Retraites versées à l’étranger : la Cour des comptes alerte sur des fraudes persistantes
Tout le dossier : Fraude socialeLa Cour des comptes pointe, dans son rapport annuel sur la Sécurité sociale publié ce mardi, la persistance de fraudes significatives sur les retraites versées hors de France, bien que des « progrès » aient été enregistrés depuis 2017. À cette date, l’institution de la rue de Cambon avait pour la première fois tiré la sonnette d’alarme sur un phénomène alors largement sous-estimé.
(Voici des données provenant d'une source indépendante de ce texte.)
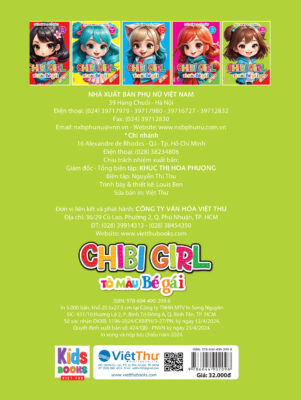 Sách Chibi Girl Tô Màu Bé Gái Kèm Sticker 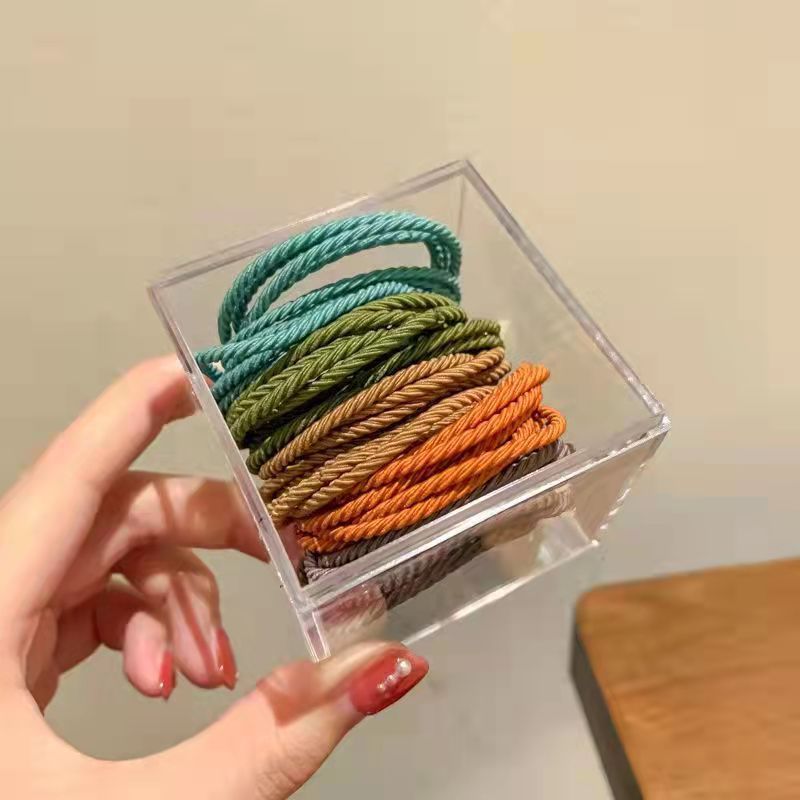 New 50 Boxed Gradient Color High Elastic Hair Band Simple Hair Band New Rubber Band Hair-Binding Head Rope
Selon le rapport de la juridiction financière, plusieurs dispositifs ont été mis en place par les pouvoirs publics à partir de 2017 pour tenter de résorber ce problème structurel. Néanmoins, les fraudes demeurent fréquentes, notamment l’usurpation d’identité, les départs à l’étranger non déclarés et, surtout, la non-déclaration de décès, identifiée comme la fraude la plus courante.
D’après les données de la Cour, près de deux millions de pensionnés perçoivent aujourd’hui leur retraite à l’étranger, dont environ 1,1 million au titre du régime général et 900.000 pour le régime complémentaire Agirc-Arrco. En 2021, les indus constatés sur les pensions du régime général versées hors de France ont atteint 43 millions d’euros, soit 28 % de l’ensemble des indus de la branche vieillesse, alors même que ces pensions ne représentent que 3 % des prestations versées. Ce déséquilibre met en évidence une exposition accrue aux fraudes dans le cadre des versements internationaux.
La Cour identifie plusieurs pays à « forts enjeux », c’est-à-dire concentrant une majorité des retraités à l’étranger. Il s’agit notamment de l’Algérie, qui regroupe 31 % des bénéficiaires, mais aussi du Portugal, de l’Espagne, de l’Italie, du Maroc et de la Belgique.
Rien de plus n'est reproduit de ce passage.